What needs to be done: Quote the listing below in full and exactly as written, but omit every picture.

Given data:
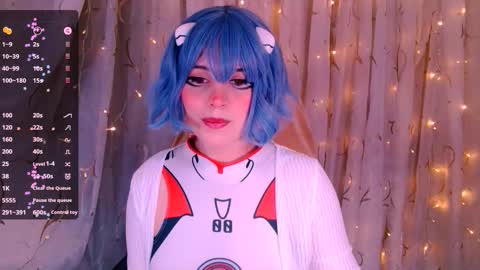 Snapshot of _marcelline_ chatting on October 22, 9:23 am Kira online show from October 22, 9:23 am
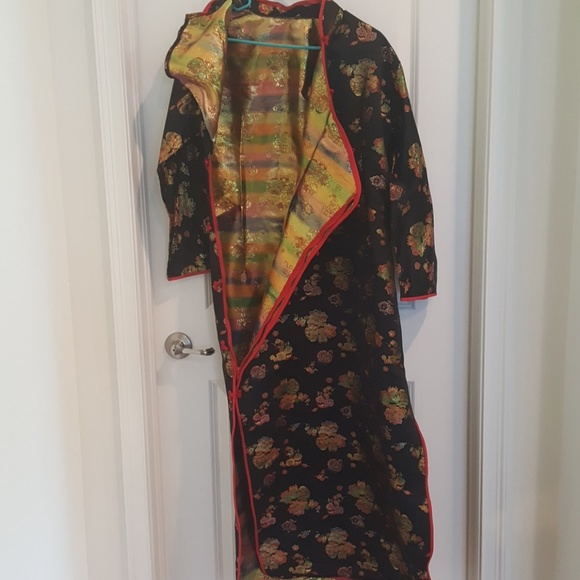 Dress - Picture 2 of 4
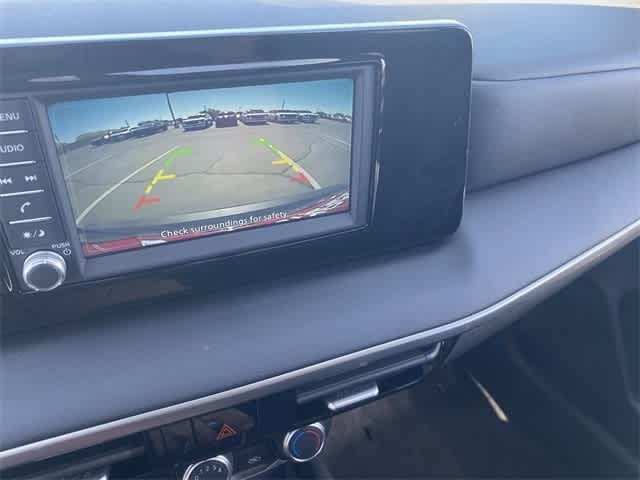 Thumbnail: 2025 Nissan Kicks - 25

Output:
 Snapshot of _marcelline_ chatting on October 22, 9:23 am Kira online show from October 22, 9:23 am
 Dress - Picture 2 of 4
 Thumbnail: 2025 Nissan Kicks - 25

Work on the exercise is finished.